**Excerpts from a dataset**

-- -- --

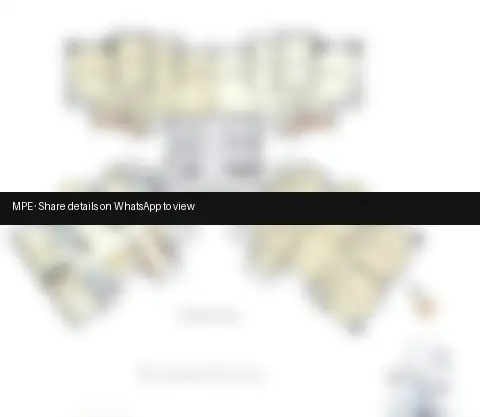 Floor Plan preview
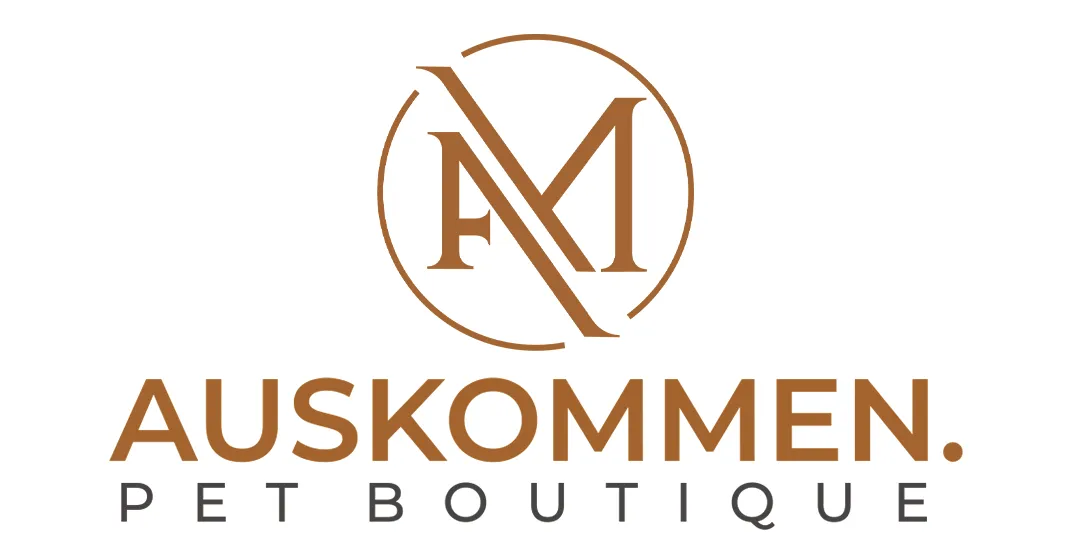 Auskommen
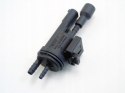 Zawór podciśnienia Mercedes 2.6 V6 W211 S211 Klasa E 240 M112 0025401497
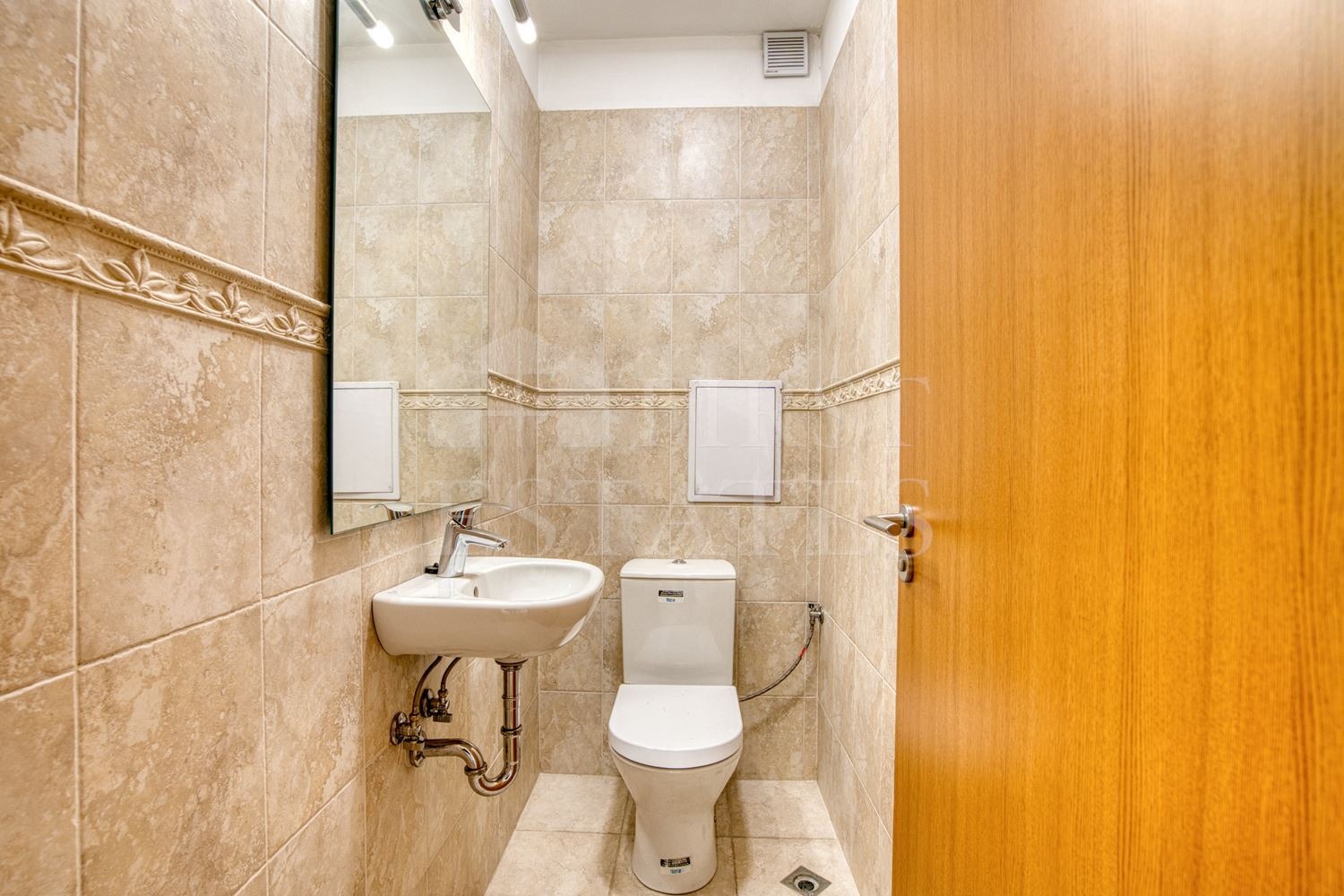 ���� ��� ���� ���� | Imot.bg � ����������� 6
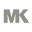 mattkennedy.ca
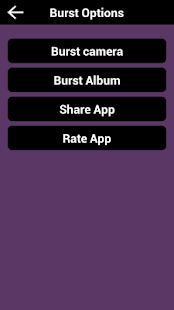Download Burst Camera APK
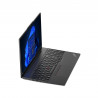 Lenovo ThinkPad E16 G2 16" 16GB DDR5 256GB SSD Laptop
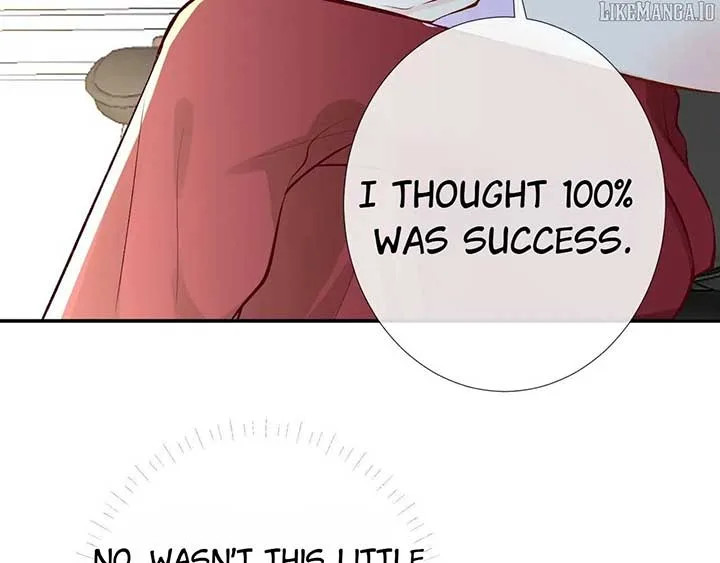 Everyone’s Darling Chapter 183 page 29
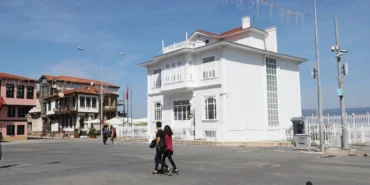 Mudanya8217da-hafta-sonu-cocuk-senligi-Mutareke8217de-oyun-var-featured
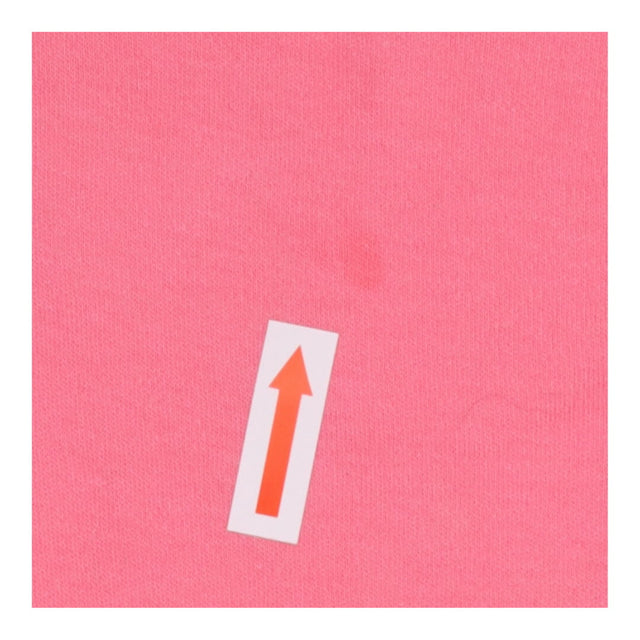 #7BE1874C3E4A/0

-- -- --

**Exercise details**
All of the records above are to be written out exactly, minus their images.

**Response**
 Floor Plan preview
 Auskommen
 Zawór podciśnienia Mercedes 2.6 V6 W211 S211 Klasa E 240 M112 0025401497
 ���� ��� ���� ���� | Imot.bg � ����������� 6
 mattkennedy.ca
Download Burst Camera APK
 Lenovo ThinkPad E16 G2 16" 16GB DDR5 256GB SSD Laptop
 Everyone’s Darling Chapter 183 page 29
 Mudanya8217da-hafta-sonu-cocuk-senligi-Mutareke8217de-oyun-var-featured
 #7BE1874C3E4A/0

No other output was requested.